Am 25. November stimmen wir nicht nur über die sogenannte Selbstbestimmungsinitiative ab, sondern auch über das Gesetz zugunsten der Sozialhilfeschnüffler (Gesetzliche Grundlage für die Überwachung von Versicherten BBl 2018 1491).
Besser als Niccolò Raselli (von 1995 bis 2012 ordentlicher Richter am Schweizerischen Bundesgericht in Lausanne) in einem Artikel in »Geschichte der Gegenwart« kann man es nicht erklären (Auszug):
»Die verdeckte Überwachung von Personen stellt einen schweren Eingriff in das Recht auf Achtung des Privat- und Familienlebens dar (Art. 13 Abs. 1 Bundesverfassung).
Darum bedarf der Eingriff nicht nur einer gesetzlichen Grundlage – er muss auch verhältnismässig sein (Art. 36 Abs. 3 BV). Die vom Parlament beschlossenen Überwachungsmöglichkeiten betreffen die AHV (Hilflosenentschädigung), die IV, die Unfall- Arbeitslosen- und die Krankenversicherung. Damit dürften praktisch sämtliche Einwohner und Einwohnerinnen der Schweiz unter den Anwendungsbereich der Überwachungsregeln fallen. Das neue Gesetz ist, mit anderen Worten, von enormer Tragweite.
Als technische Überwachungsmittel erlaubt das Gesetz nicht nur Video- und Tonaufnahmen (ohne dabei Teleobjektive und Richtmikrophone auszuschliessen), sondern auch den „Einsatz von technischen Instrumenten zur Standortbestimmung.“ Bei Fahrzeugen sind das sogenannte GPS-Tracker, doch der vage Begriff „Geräte zur Standortbestimmung“ schliesst selbst den Einsatz von Drohnen nicht aus. Sogar den kantonalen Sozialdirektoren (SODK) gehen Tonaufnahmen und GPS-Tracker, wie das Gesetz sie zur Überwachung von Versicherten vorsieht, deutlich zu weit.

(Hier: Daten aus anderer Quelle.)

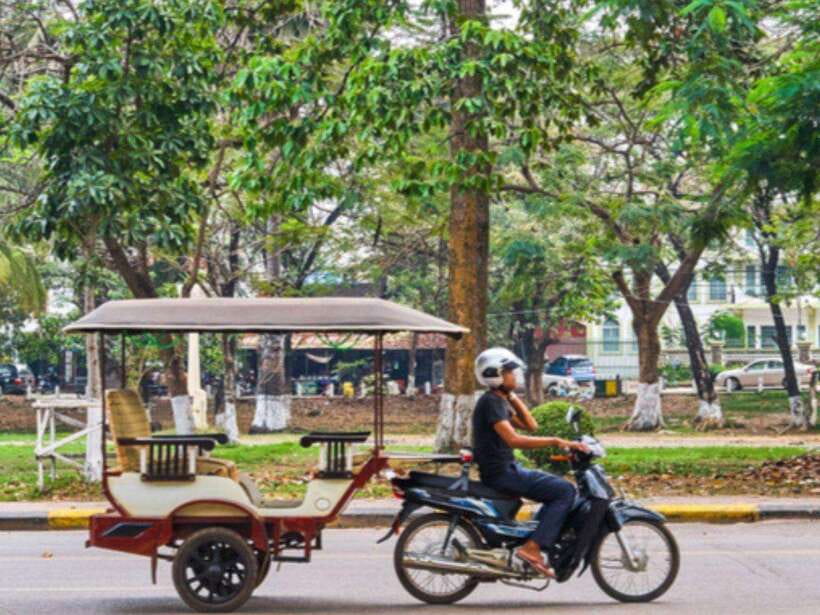 Angkor Wat Tour by Tuk-Tuk with English Speaking Driver - Angkor Wat: two hours with Cambodia’s most famous temple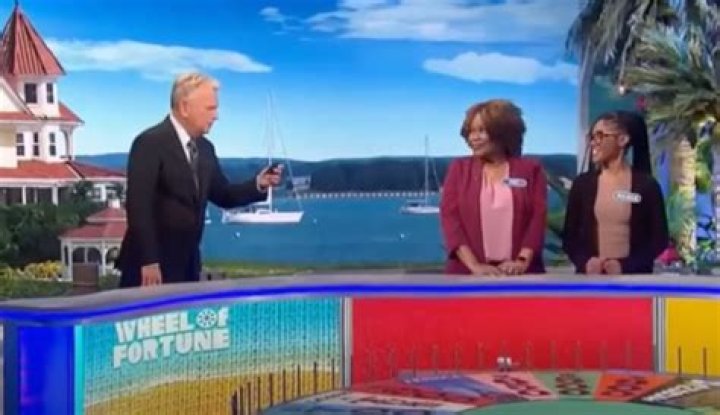 Wheel of Fortune fans baffled by contestants' bizarre behavior in new episode and beg them to sto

Das Gesetz erlaubt die Überwachung einer Person überdies nicht nur, wenn diese sich an einem allgemein zugänglichen Ort befindet, sondern auch, wenn sie sich an einem Ort befindet, „der von einem allgemein zugänglichen Ort aus frei einsehbar ist.“ Erlaubt ist damit die Überwachung privater Gärten, von Balkonen und Wohnungen, mithin auch von Wohn- und Schlafzimmern (mittels Teleobjektiven und Richtmikrophonen). Man denke dabei an neue Wohnbauten, wo oft ganze Fronten aus Fenstern bestehen… Demgegenüber dürfen Verdächtige im Rahmen einer polizeilichen Strafverfolgung nur „an allgemein zugänglichen Orten“ observiert werden, wie Art. 282 der Strafprozessordnung festhält. Private Räume, auch wenn diese von einem öffentlichen Ort aus einsehbar sind, bleiben für die Strafermittler tabu. Das heisst, dass die Organe der Sozialversicherungen – d.h. die auch von privaten Versicherungsunternehmen beauftragten Sozialdetektive – stärker in die Privatsphäre von Verdächtigen eingreifen dürfen als die Organe der Strafverfolgung, sprich die Polizei. Mit anderen Worten: Das Gesetz ermächtigt die Sozialversicherungen zu Grundrechtseingriffen, welche selbst bei der Verfolgung von Verbrechen in dieser Form nicht zulässig sind.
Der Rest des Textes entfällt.